If an asset is owned with a joint owner who has survivorship rights to said asset, the surviving joint owner(s) automatically owns the asset free from the probate process upon the other joint owner’s death. Common assets that have joint owners with survivorship rights are: bank accounts; real property and investment accounts.
If an asset has a Beneficiary Designation, the named person(s) to receive the asset will be able to claim said asset free from the probate process upon the owner’s death. Common assets that have Beneficiary Designations are: bank accounts; retirement accounts; life insurance; annuities; real property; corporate interests and investment accounts.

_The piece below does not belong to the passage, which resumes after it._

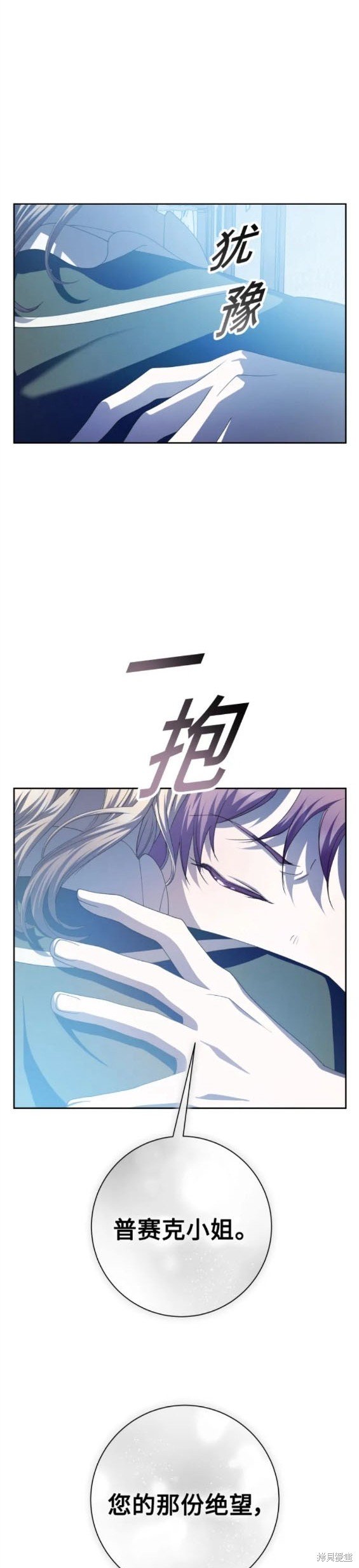 第169话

Probate is a circuit court proceeding in which assets are transferred to new owners upon a person’s death. All assets that are not transferred by some other means (to avoid probate) are subjected to probate administration and thus subject to the terms of a person’s Will (if they have one). If you die without a Will and have assets that are subject to probate administration, any interested person can petition the court in order to distribute your assets according to state laws. I view a Last Will and Testament (more commonly referred to as a “Will”) as a necessary estate planning document for most people but I also see the Will as a safety net to catch assets that a person has failed to transfer via other methods such as joint ownership with survivorship rights, Beneficiary Designation, or by a transfer to a trust. There is a common misconception that the only estate planning document needed is a Will, however, a Will alone (without proper planning and understanding of how the Will operates) is not likely to avoid issues following a person’s death.
If an asset has been properly transferred into a Trust during a person’s lifetime or by a Beneficiary Designation, the Trust’s terms shall govern the administration and distribution of said asset until the Trust has fulfilled its purposes and the asset will avoid the probate process. The depth of this article will only allow for discussion on the most common type of trust which is known as a revocable trust or a living trust (“Revocable Trust”), However, many types of trusts exist for many different purposes.
A Revocable Trust is a legal document that is established during a person’s lifetime which usually directs that the trust’s assets and income are to be used for the person’s benefit during their lifetime and also designates beneficiaries to receive said assets after the person’s death. A Revocable Trust, like a Will, can be amended at any time by the creator of the trust who is known as the “Grantor” as long as he is living and maintains legal capacity. The person in charge of the trust with legal authority to manage the trust is known as the trustee (“Trustee”). The Trustee administers the trust for the benefit of the Revocable Trust’s named beneficiaries. Usually, the
Trustee is the Grantor during his lifetime and then a successor trustee is named to take over the trustee role upon the Grantor’s death.
After creating a Revocable Trust, the Grantor then transfers many of his assets to the Revocable Trust during his lifetime. The Grantor can add or withdraw assets from and to his Revocable Trust at any time during his lifetime while he maintains capacity. When the Grantor dies, a Revocable Trust becomes irrevocable and the then serving trustee and trust beneficiaries may not alter any of the trust’s provisions. A Revocable Trust will avoid probate upon the Grantor’s death for all assets that have been transferred to the trust. Probate is avoided because Revocable Trust assets are not titled in the name of Grantor at the time of death and therefore the property is not part of a probate process. It is very important to fund a Revocable Trust as failure to properly fund the trust will provide little or no benefit to the Grantor.
Whenever configuring an estate plan, it is important to meet and discuss with a qualified estate planning and probate attorney where you map out and plan what will happen to each of your assets upon your death to ensure that your estate planning goals are accomplished at the time of death.